The Dream (French: Le Rêve, occasionally also known as Le Songe or Rêve exotique) is a large oil-on-canvas painting created by Henri Rousseau in 1910, one of more than 25 Rousseau paintings with a jungle theme. His last completed work, it was first exhibited at the Salon des Indépendants from 18 March to 1 May 1910, a few months before his death on 2 September 1910. Rousseau's earlier works had received a negative reception, but poet and critic Guillaume Apollinaire remarked on its debut: "The picture radiates beauty, that is indisputable. I believe nobody will laugh this year."

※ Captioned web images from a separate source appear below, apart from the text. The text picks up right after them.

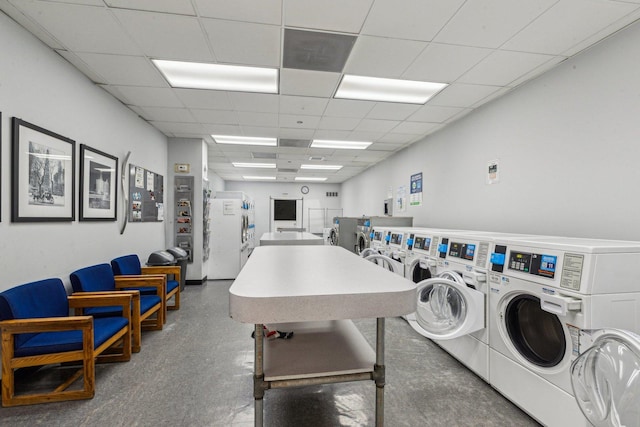 community laundry room featuring washing machine and dryer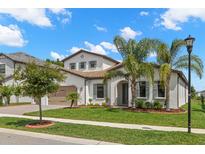 Charming white two-story home featuring a beautiful landscaped yard, tile roof, and two-car garage at 6154 Marsh Trail Dr, Odessa, FL 33556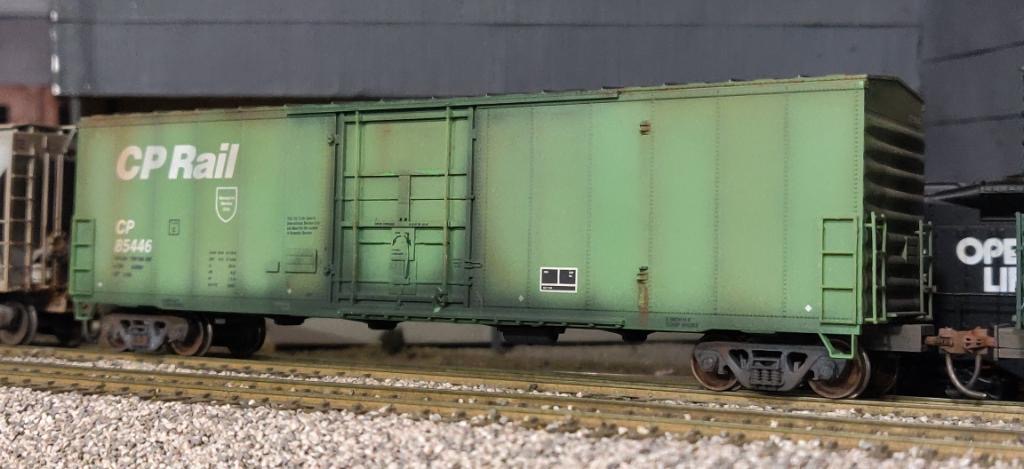 P1K 50 CP Rail 50 newsprint boxcar #85446, with weathered detail.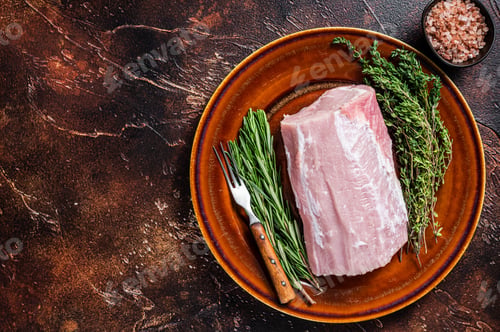 Vista previa: Fresh Raw pork loin meat with thyme and rosemary on rustic plate. Dark background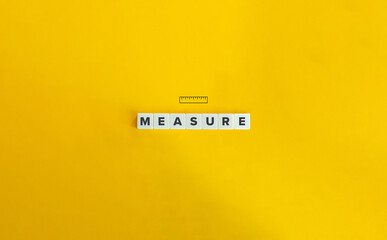 Measure Word and Concept Image. Letter Tiles on Yellow Background. Minimal Aesthetics. - obrazy, fototapety, plakaty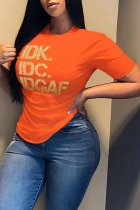 Оранжевые повседневные повседневные футболки с принтом в стиле пэчворк и буквенным o-образным вырезом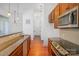 Functional kitchen featuring granite countertops, stainless steel appliances, and modern pendant lighting at 2810 Selwyn Ave # 410, Charlotte, NC 28209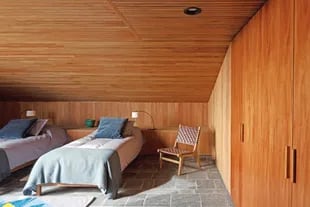 Al lado de las camas, sillón ‘Tanet’ con correas de cuero tejido (Landmark)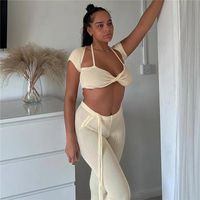 سروالين للسيدات المكون من قطعتين Aobiu Solid 2 مجموعات المرأة ملابس Slim Flare Sexy Halter Lace Up Short Sleeve Tops Tops Fime 2022 Summer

The Dream is the largest of the jungle paintings, measuring 6' 8½" x 9' 9½" (204.5 x 298.5 cm). It features an almost surreal portrait of Yadwigha (Jadwiga), Rousseau's Polish mistress from his youth, lying naked on a divan to the left of the painting, gazing over a landscape of lush jungle foliage, including lotus flowers, and animals including birds, monkeys, an elephant, a lion and lioness, and a snake. The stylised forms of the jungle plants are based on Rousseau's observations at the Paris Museum of Natural History and its Jardin des Plantes. The nude's left arm reaches towards the lions and a black snake charmer who faces the viewer playing his flute, barely visible in the gloom of the jungle under the dim light of the full moon. A pink-bellied snake slithers through the undergrowth, its sinuous form reflecting the curves of the woman's hips and leg.

Suspecting that some viewers did not understand the painting, Rousseau wrote a poem to accompany it, Inscription pour La Rêve:

Yadwigha dans un beau rêve
S'étant endormie doucement
Entendait les sons d'une musette
Dont jouait un charmeur bien pensant.
Pendant que la lune reflète
Sur les fleuves [or fleurs], les arbres verdoyants,
Les fauves serpents prêtent l'oreille
Aux airs gais de l'instrument.

Yadwigha in a beautiful dream
Having fallen gently to sleep
Heard the sounds of a reed instrument
Played by a well-intentioned [snake] charmer.
As the moon reflected
On the rivers [or flowers], the verdant trees,
The wild snakes lend an ear
To the joyous tunes of the instrument.